A franchise is a business model in which an individual or group (known as the “franchisee”) is granted the right to use a company’s trademarks, products, services, and business processes in exchange for a fee and ongoing royalties. In other words, a franchisee pays for the right to operate a business using the franchisor’s established brand and business system.

Franchising is a popular business model because it allows individuals to start a business with the support and guidance of an established company.  Some popular franchise industries include fast food restaurants, retail stores, and service businesses such as cleaning or home repair.

Franchisees benefit from the franchisor’s established brand recognition, marketing strategies, and training programs. They also receive ongoing support from the franchisor, such as advertising, product development, and access to a network of other franchisees.

As for the franchisor it includes expansion opportunities without capital investment required, increased revenue providing a steady stream of income from ongoing royalties, brand recognition, motivated owners with a vested interest in the success and reduced risk by transferring day-to-day operations on franchisees.

Franchisors have specific rules and procedures that franchisees are required to follow as part of the franchise agreement. These rules and procedures are designed to ensure consistency in the operation of the franchise and to maintain the integrity of the brand.

What is a franchise agreement?

A franchise agreement is a legal contract between the franchisor and the franchisee that outlines the terms and conditions of the franchise relationship. However, specific franchise agreement types may work better for one situation over another, for example, there are seven types of franchise agreements:

Master franchise agreement – the most common standard type of agreements and most widespread.

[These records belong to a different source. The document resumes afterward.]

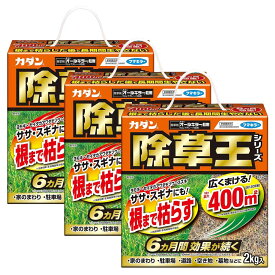 除草剤 フマキラー カダン 除草王 オールキラー粒剤 2kg×3個 顆粒 粒状 農薬 180日効果 持続型除草剤 除草剤顆粒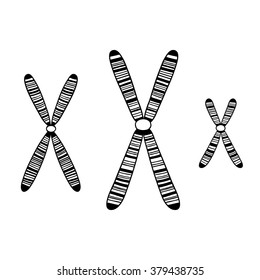 Set of chromosome. Vector illustration. 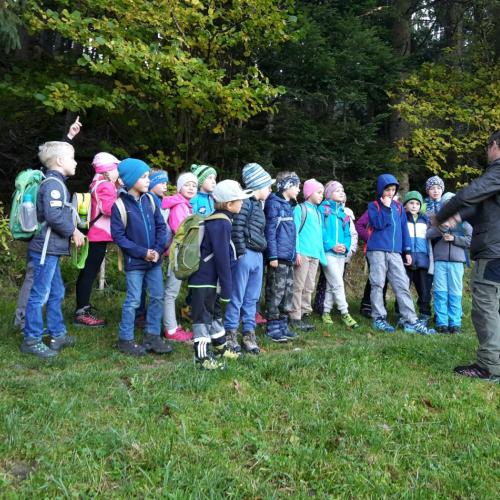Wald 2. Klasse
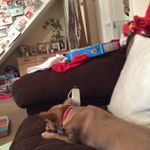 Megan Burch 101 - @meganburch101 - Instagram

Product distribution franchise agreement: franchisor maintains its own production chain for producing products and only sends finished products to franchisees for sale to customers, thus franchisee handles only their distribution.

Job franchise agreement:     a franchise usually takes the form of a business that supplies, sells, or supplies goods or services to final customer, and can be mobile, home-based, or require modest office space.

Conversion franchise agreement: when an established firm may decide to convert to a franchise model or, in other circumstances, a sizable current business (with numerous locations) may decide to do so. It frequently looks to its current managers, supervisors, and star employees to become franchisees.

Investment franchise agreement: also known as a management franchise, is best suited for an investor who wants a less direct, hands-on position in the company, so the franchisee make an investment and hire a crew, the larger-scale company activities including creating a business plan, assigning duties, and marketing may fall under purview of franchisor.

Business format franchise agreement: to its IP, the franchisor also gives the franchisee access to a comprehensive operating system. Under this arrangement, the company expands by giving independent business entrepreneurs access to an existing corporation, including its name and trademark.

Area development agreement:  a contract between a franchisor and an operator, in which the operator is required to run multiple franchise locations independently in a territory and is not permitted to sub-franchise to other parties.

So, depending on your type of IP included, the business format and the area of goods and services you may have different types of franchise agreement needed.

What intellectual property can be included in franchise agreement?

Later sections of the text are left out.